I am presently working on a problem in fluid dynamics where our group is investigating the behavior of temperature and velocity at the leading edge of a flat plate when fluid flows past it. The momentum equation, after introducing stream functions and cross-differentiation, reads $$\rho\left(\psi_{y}\nabla^{2}\psi_{x} - \psi_{x}\nabla^{2}\psi_{y} \right) = \mu\nabla^{4}\psi$$

I have made use of the self-similar transformation $\eta=\frac{y}{x}$ with $f(\eta,R)=\frac{\psi}{Ux}$ to obtain the following PDE (It checks out with this paper which I have referred (pg 156); note: there is one error in the paper, it has $2\eta ff_{\eta}$ instead of $2\eta ff_{\eta\eta}$ in the $R[...]$ terms)

$$\left[(1+\eta^{2})^{2}f_{\eta\eta\eta\eta}+8(1+\eta^{2})f_{\eta\eta\eta}+4(1+3\eta^{2})f_{\eta\eta}\right]+\left[2\eta ff_{\eta\eta}+(1+\eta^{2})(ff_{\eta\eta}+f_{\eta}f_{\eta\eta}) - 4(1+3\eta^{2})f_{\eta\eta R}-4\eta(1+\eta^{2})f_{\eta\eta\eta R}\right]R+\left[2\eta(f_{R}f_{\eta\eta}-ff_{\eta\eta R})-(1+\eta^{2})(f_{\eta}f_{\eta\eta R}-f_{R}f_{\eta\eta\eta})+2(1+3\eta^{2})f_{\eta\eta RR}\right]R^{2}+\left[2\eta(f_{\eta}f_{\eta RR}-f_{R}f_{\eta \eta R})+ff_{\eta RR}-3f_{\eta}f_{RR}+4f_{RRR}-4\eta f_{\eta RRR}\right]R^{3}+\left[f_{RRRR}+f_{R}f_{\eta RR}-f_{\eta}f_{RRR}\right]R^{4}=0$$

Boundary conditions: At the plate, $\eta=0$ and we have $f_{\eta}=0$ & $f+f_{R}R=0$. At the leading edge, $\eta \rightarrow \infty$ and we have $f_{\eta}\rightarrow 1$ & $f+f_{R}R\rightarrow \eta$.

Since this problem is at the leading edge, we consider Reynolds numbers of the order $10^{-3}$ and hence, we can neglect all $\mathcal{O}(R^{2})$ and higher order terms of the PDE, but still, solving the resulting PDE is daunting. Any help is appreciated.
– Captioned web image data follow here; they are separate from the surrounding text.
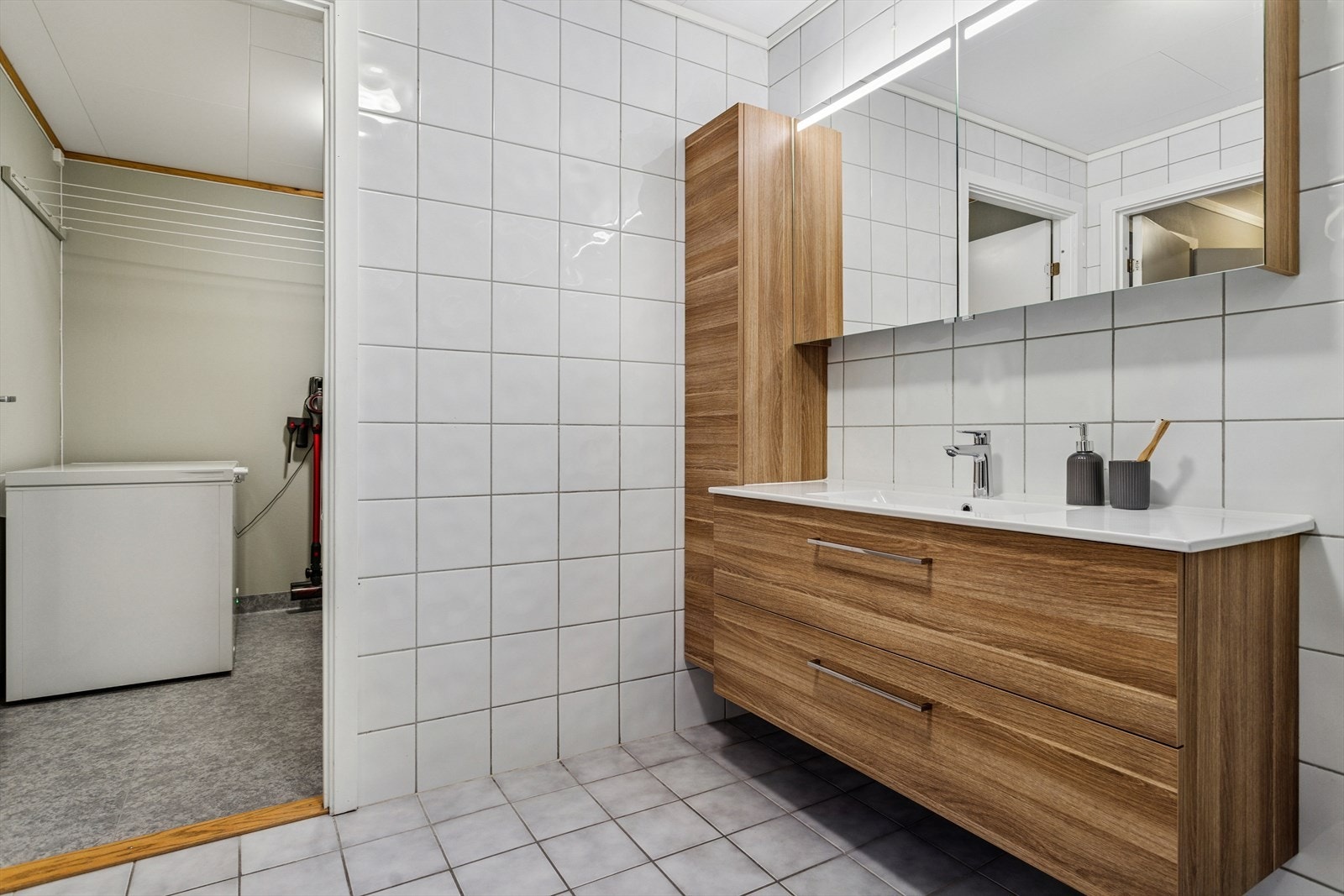 Baderommet er innredet med dusjkabinett, gulvmontert toalett og en stor innredning med mye lagringsplass og heldekkende servant. Galleribilde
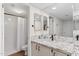 Bathroom featuring granite countertops, modern fixtures, and a shower with white tile at 4141 N 31St St # 405, Phoenix, AZ 85016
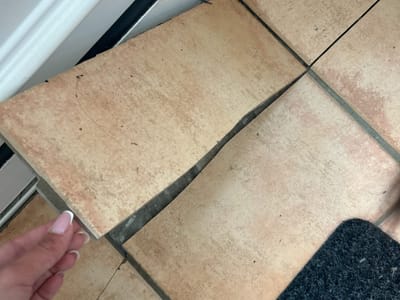 Floor tiles lifting at the doorway — Kitchen floor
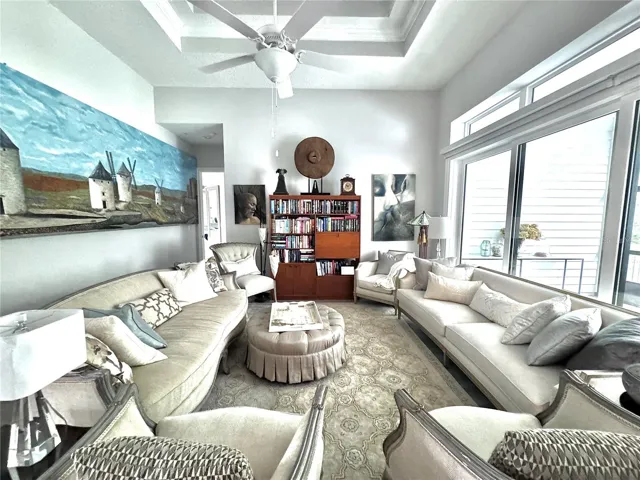 Living room with triple sliders that open to the Lanai for outdoor living.
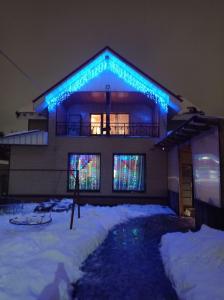 a house with blue lights on it in the snow at Северная Звезда in Saint Petersburg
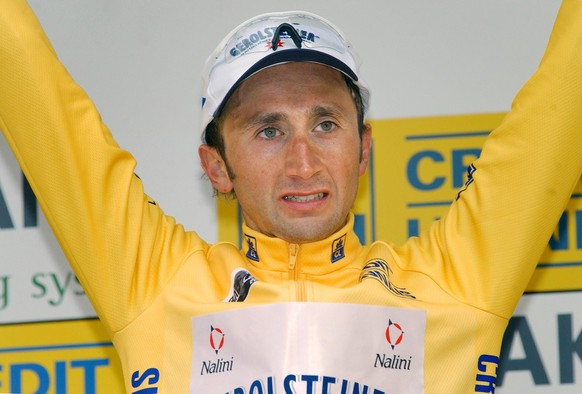 New overall leader Davide Rebellin of Italy, wearing the overall leader&#039;s yellow jersey, waves from the podium after winning the second stage of the Paris-Nice cycling race between La Clayette an ...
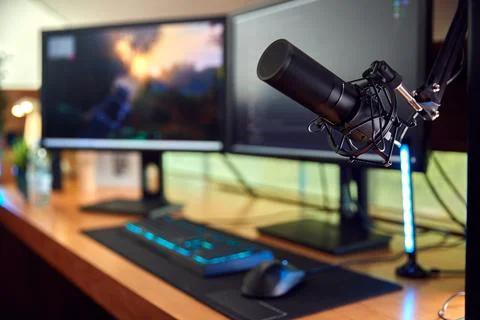 Gaming Computer Setup On Desk At Home With Microphone And Multiple Monitors Foto stock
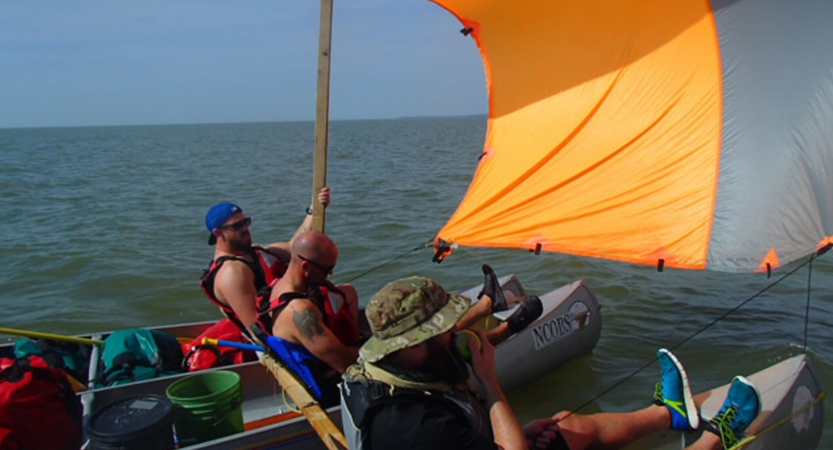 three people sit in canoes using a tarp as a makeshift sail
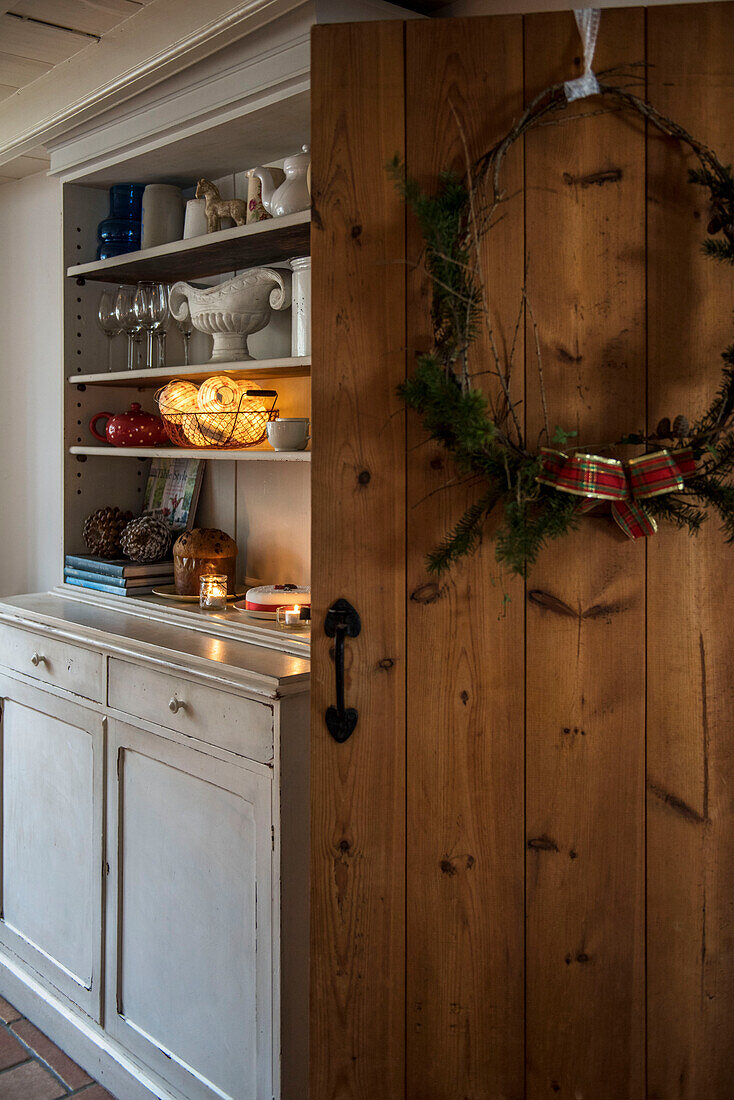 Christmas wreath on wooden door with kitchen dresser in St Erth cottage Cornwall UK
The paper uses an asymptotic expansion in $R$ to solve the PDE but I require a solution in $\eta$ and $R$ since I need to use it in the energy equation. I did try to solve the PDE neglecting the terms of $R^{2}$ and higher powers and later trying to compare it to a standard form mentioned in Polyanin, but couldn't find a solution.

Edit: As per Tomas Kojar’s suggestion in the comment section, consider the following two equations Now, setting $u=f_{\eta\eta}$, we obtain the following second-order PDE $$(1+η^2 )^2 u_{ηη}+8η(1+η^2 )u_{η}+4(1+3η^2 )u=0 $$ Which is solved with boundary conditions to obtain the solution $f_{1}(\eta,R)=\frac{2}{\pi}tan^{-1}(η)+\frac{2η}{π(1+η^2)}$. Now, the second equation reads $$[2ηff_{ηη}+(1+η^2 )(ff_{ηηη}+f_η f_{ηη} )-4(1+3η^2 ) f_{ηηR}-4η(1+η^2 ) f_{ηηηR}]R=0,$$ and since $R\neq 0$, we obtain a non-linear PDE which upon setting $v(\eta,R)=f_{\eta\eta\eta}$ yields the following PDE $$η^6 v^2+η^2 v^3 (1+η^2 )-4η(1+η^2 ) v_R=0.$$ But, this is still complicated to solve.